An solche logistischen Dimensionen gewöhnt, wird es theoretisch kaum jemanden verwundert haben, als ein gewisser deutscher Unternehmer, der es in China zu Bekanntheit und Erfolg gebracht hatte, im Jahr 1911 eine kleine, schwachmotorige, Maschine aus den Rumplerwerken nach Qingdao verfrachten lies. Theoretisch, denn damals befand man sich an einem Punkt der Weltgeschichte, an dem Mobilität an Land, See und Luft ihren Kampf um Effizienz noch nicht ausgefochten hatten und so schickten Hobbypiloten ihre Flieger eben durchaus auch per Seeweg um die Welt.

Praktisch erregten die fliegerischen Bemühungen Franz Osters doch recht große Aufmerksamkeit. Groß genug jedenfalls, als dass man bis heute über Berichte mehrerer Zeitschriften Osters Weg zum ersten Flieger Qingdaos nachvollziehen kann.

Ob Wright und Whitehead, Deroche und Earhart oder eben Plüschow und Oster, es ist ein Phänomen der Luftfahrtgeschichte, fast ein ungeschriebenes Gesetz, dass die bekanntesten Pioniere selten die ersten waren. Gunther Plüschow war Marineoffizier in Qingdao und startete ab 1914 während des Krieges und der Belagerung der Stadt diverse Aufklärungsflüge und militärische Missionen mit seiner Maschine. Er konnte während des Ersten Weltkriegs und im Zuge mehrerer Gefangenschaften in einer Odysee um die halbe Welt seinen Weg zurück nach Deutschland finden und schrieb anschließend ein autobiographisches Werk über seine Erlebnisse: „Die Abenteuer des Fliegers von Tsingtao“.

Das war genug um Gunther Plüschow für viele auch zum „Ersten Flieger von Tsingtao“ zu machen, doch Fakt ist, dass er diesen Titel um einen Vorsprung von knapp einem Jahr an Franz Oster verloren hatte.

Franz Oster startete in seiner eigens verschifften Rumpler-Taube ab dem 9. Juli 1913 regelmäßig und recht erfolgreich Pionierflüge rund um Qingdao. Zwar reichten weder die lokalen Wetterverhältnisse noch die Konstruktion der damals so beliebten Rumpler-Taube für großartige Strecken – oder in den meisten Fällen mehr als einem Passagier, dem Piloten – aus, dennoch hatte Frau Oster das Glück, die erste Frau gewesen zu sein, die Qingdao jemals von oben sah.

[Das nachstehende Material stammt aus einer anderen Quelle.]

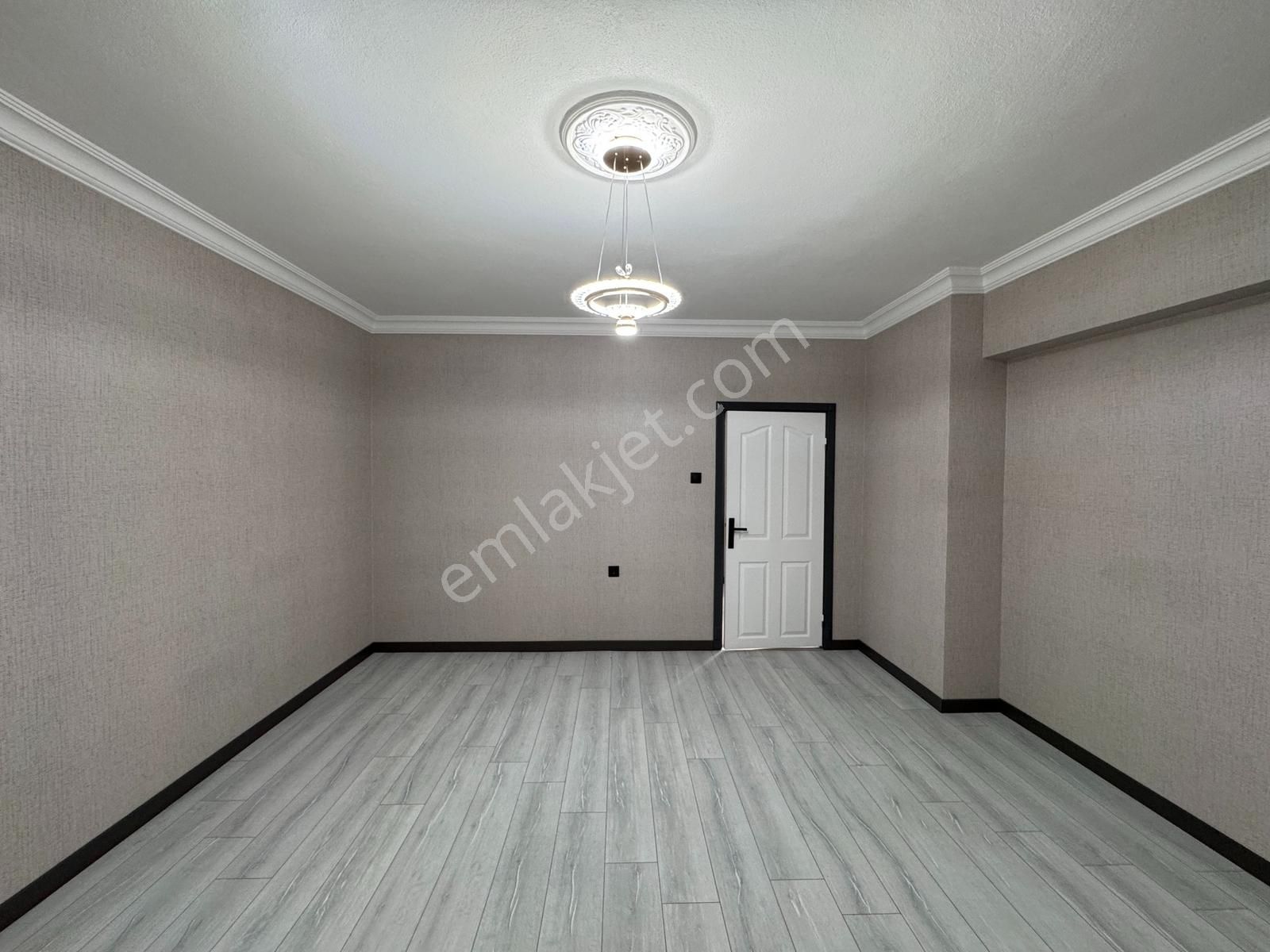 Göktaş'tan█hicret Camii Yakını Köşe Başı 130m2 Lüx Yapılı Daire - Görsel 20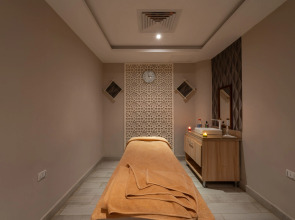 Seven Seas Jolie Bay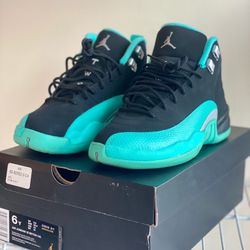 Jordan 12 Hyper Jade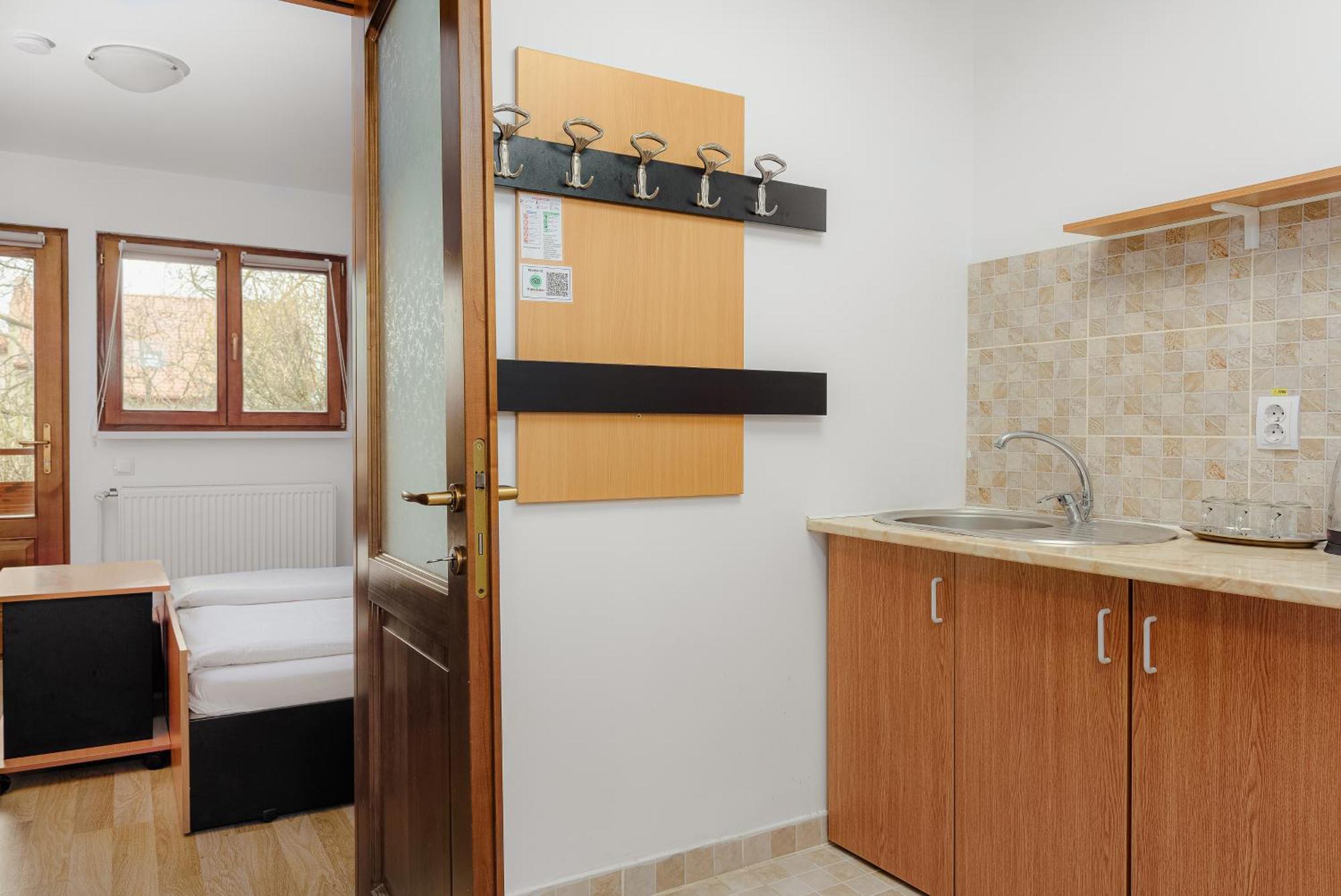 Business Transit To Therme & Bucharest Airport Săftica Zewnętrze zdjęcie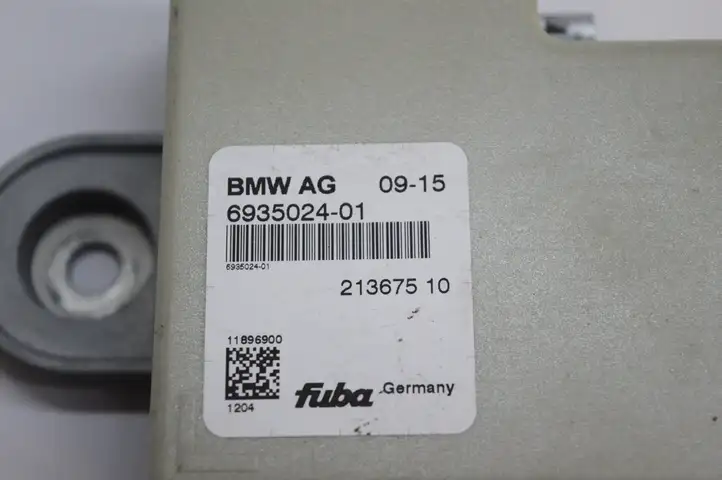 BMW X3 F25 (2010 - 2017) 6935024 Усилитель антенны — фото 4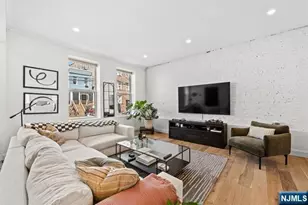 966 Summit Ave 1, Jersey City, NJ 07307 - Photo 5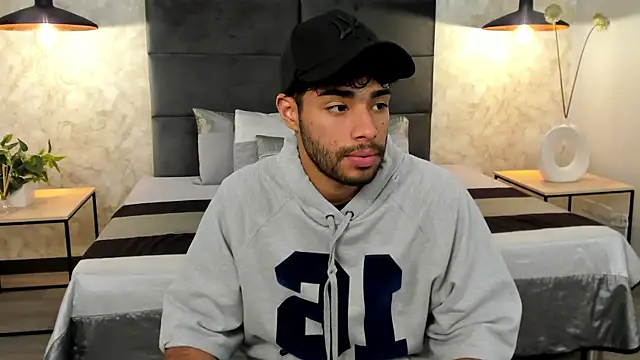 RaphaelDufort online show from November 18, 11:59 pm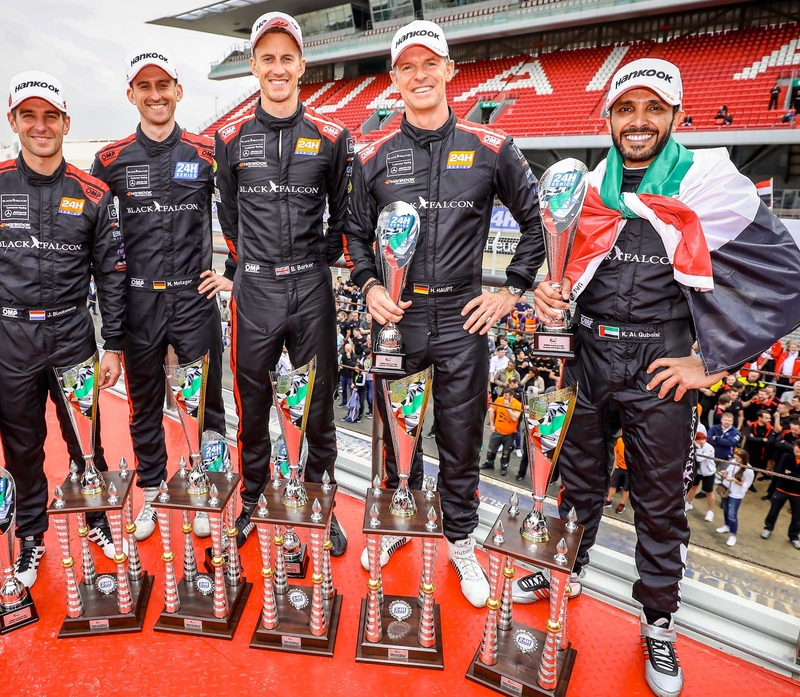 BLACK FALCON mit den Fahrern Jeroen Bleekemolen, Manuel Metzger, Ben Barker, Hubert Haupt und Khaled Al Qubaisi (v.l.) BLACK FALCON with drivers Jeroen Bleekemolen, Manuel Metzger, Ben Barker, Hubert Haupt und Khaled Al Qubaisi (from left) 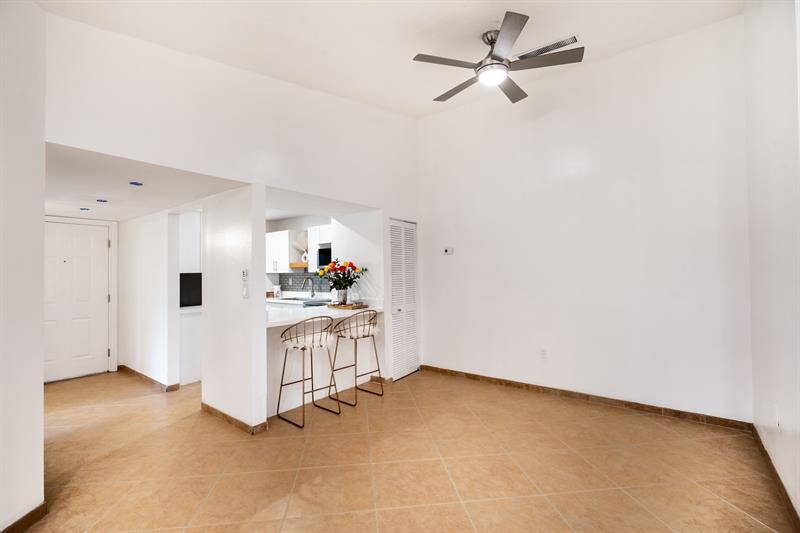 Image 11 of 40 For 927 199 Street  202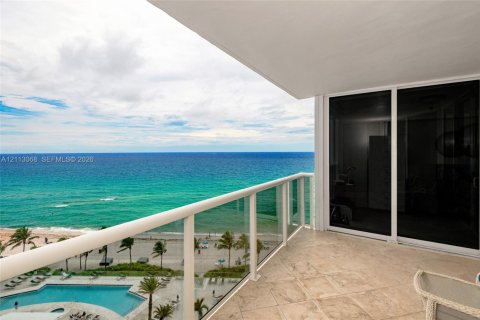 Condominio en venta en Sunny Isles Beach, Florida, 3 dormitorios, 176.51 m2 № 2434033 - foto 27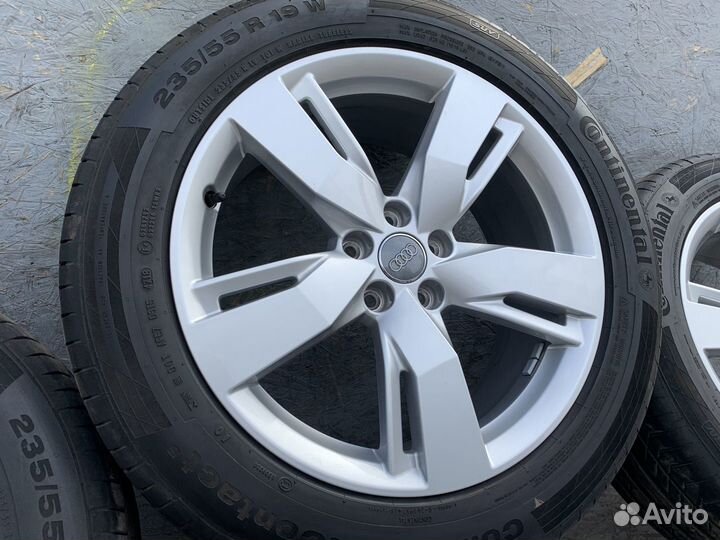 Оригинальные колеса на Audi Q5 FY New R19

Qingdao Heute – Zwischen Gegenwart und Vergangenheit

Heute kommt man über die Verbindung Frakfurt-Qingdao innerhab einiger Stunden per Luftlinie in die Stadt.

Als ich 2017 zum ersten Mal durch den Qingdao Liuting International Airport lief und anschließend die rund 40 Minuten Fahrt vom Flufhafen zum alten Hafen und schließlich zur wesentlich moderneren Waterfront mit Hotels, Restaurants und typischem Night Market zurücklegte musste ich an die Aussage eines befreundeten Piloten denken: „Qindao ist China light.“

Das moderne Qingdao

Dieser Vergleich ist nicht vollkommen falsch, denn die chinesische Millionenstadt erlebt man – verglichen mit anderen asiatischen Metropolen – ungewöhnlich gemütlich.

Als Liebhaberin historischer Architektur ging ich schließlich einer Empfehlung nach, nach der es in einem ehemaligen Offiziersheim bei der früheren Residenz des deutschen Gouverneurs nicht nur die Möglichkeit gibt einen Einblick in Spuren der Vergangenheit zu erhalten, sondern auch die Aussicht auf guten Kaffee und Desserts. (Eine Tatsache, die ich auf der Suche nach einem Empfehlungslink bis heute nicht beweisen konnte, vielleicht also sogar ein wirklicher „Geheimtipp“).

Ich kann jedem, der gerne einen Einblick in historische Überbleibsel wirft nur empfehlen einmal etwas durch das alte Viertel Qindaos zu wandern, denn viele dieser Gebäude werden heute zwar für moderne Zwecke, wie beispielsweise Büchereien oder Kinos, verwendet können darüber hinaus aber eben auch völlig ohne Anmeldung oder Museumskarte besichtigt werden und bieten dabei immer wieder Informationen über die Vergangenheit.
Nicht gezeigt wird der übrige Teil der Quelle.